İçine aldığı her şeyi bir çırpıda öğüten, futbolcuların birer köle gibi alınıp satıldığı, tribünlerin gerici ideolojiler ile kuşatıldığı özünde bu sömürü düzeninin öz be öz çocuğu olan piyasalaşmış futbola karşı bayrak açan Metin Kurt’un aynı zamanda spora getirdiği teorik bakış açısını da atlamamak gerek. Metin Kurt tüm saydıklarımıza ek olarak aynı zamanda bir okuldu nice genç sporsever için.
“Günümüzde spor, bir oyun değil. Sporcular da oyuncu değiller. Spora damgasını vuran burjuva rekabet ideolojisi onu metalaştırmış; sporcuları da spor işçisi konumuna sokmuştur. Mahallede oynadığımız futbolla, kurumsallaşmış organizasyona girdiğimizde yaptığımız iş aynı şey değil. İlk çözülmesi gereken, futbolu profesyonel-amatör ayrımına tabi tutmanın yanlışlığına bir son vermek. Sporcunun amatörü ve profesyoneli olabilir. Ancak spor, bütün düzenin bir yansımasıdır ve egemen güçlerin iktidar araçlarından biridir” derken aslında özünde bu çürümüş düzenin de tarifini yapıyordu Kurt, tarifini yaptığı şeyi yıkmak için de örgütlü kimliği değer yargılarının en üzerine yerleştiriyordu. Metin Kurt, nasihat ettiği her şeyi önce kendi hayatında somutluyordu. Tekel Direnişi, 1 Mayıslar, sendikası, Sportmence, yaptığı grevler ve daha niceleri. Aslında insanlara gösterdiği en iyi örnek onun kendi yaşantısıydı.
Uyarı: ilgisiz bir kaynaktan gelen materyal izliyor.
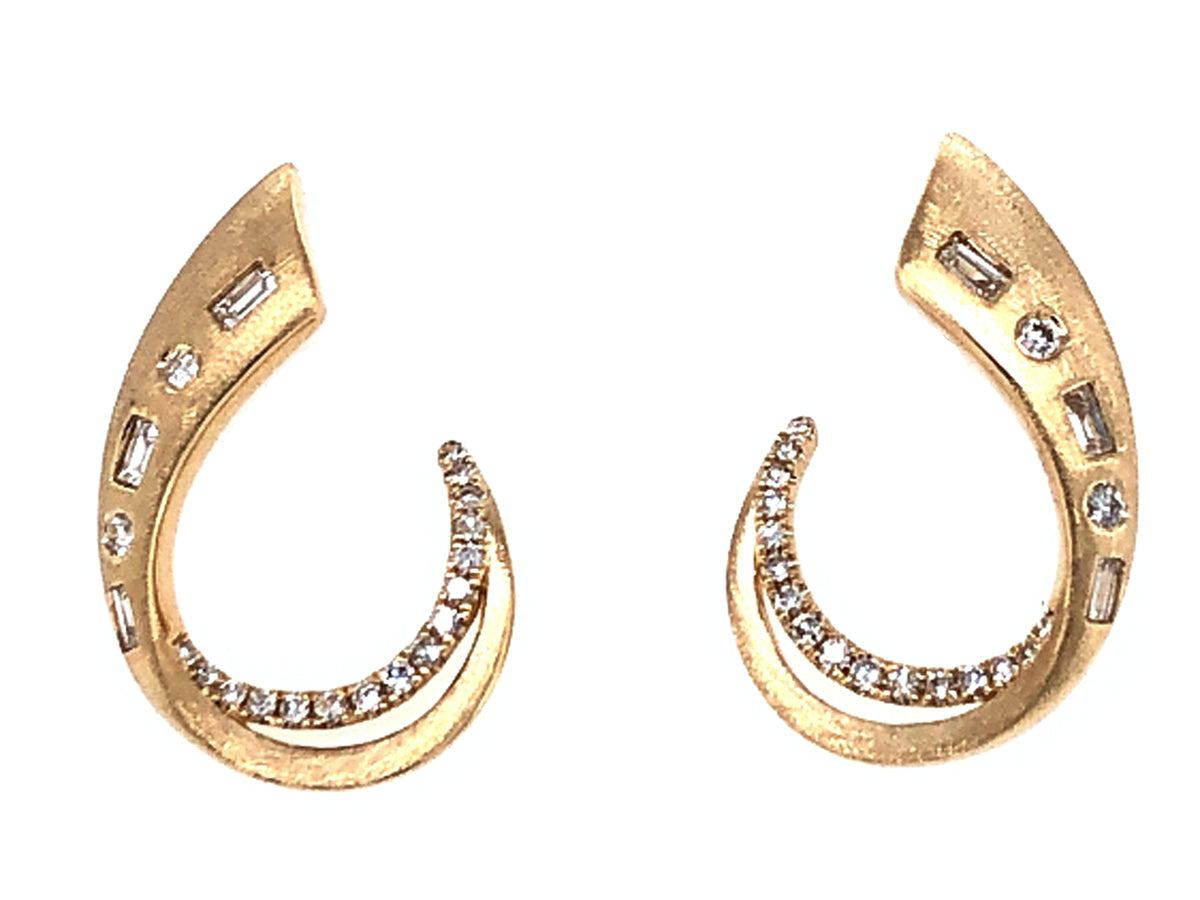 DIAMOND FLUSH SET BAGUETTE & ROUND CURL J-HOOP EARRING, SATIN FINISH, 14KY (N)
Bu memleketin de, tribünlerin de, spor emekçisinin de kurtuluşunun tek yolunun işçilerin örgütlü mücadelesinden ve adlı adınca sosyalizmden geçtiğini biliyordu.
Tıpkı bir takım oyunu olan futbolda olduğu gibi, iyi ortanın gol getirdiğini de elbette…
Son nefesine kadar da bunun için çalıştı.
Metin Kurt, 24 Ağustos 2012’de geçirdiği operasyonun komplikasyonlarına bağlı olarak kalp yetmezliğinden hayatını kaybetti.
Rahat uyu Metin Kurt; atılan hiçbir şut emekçilerin kalesine girmeyecek.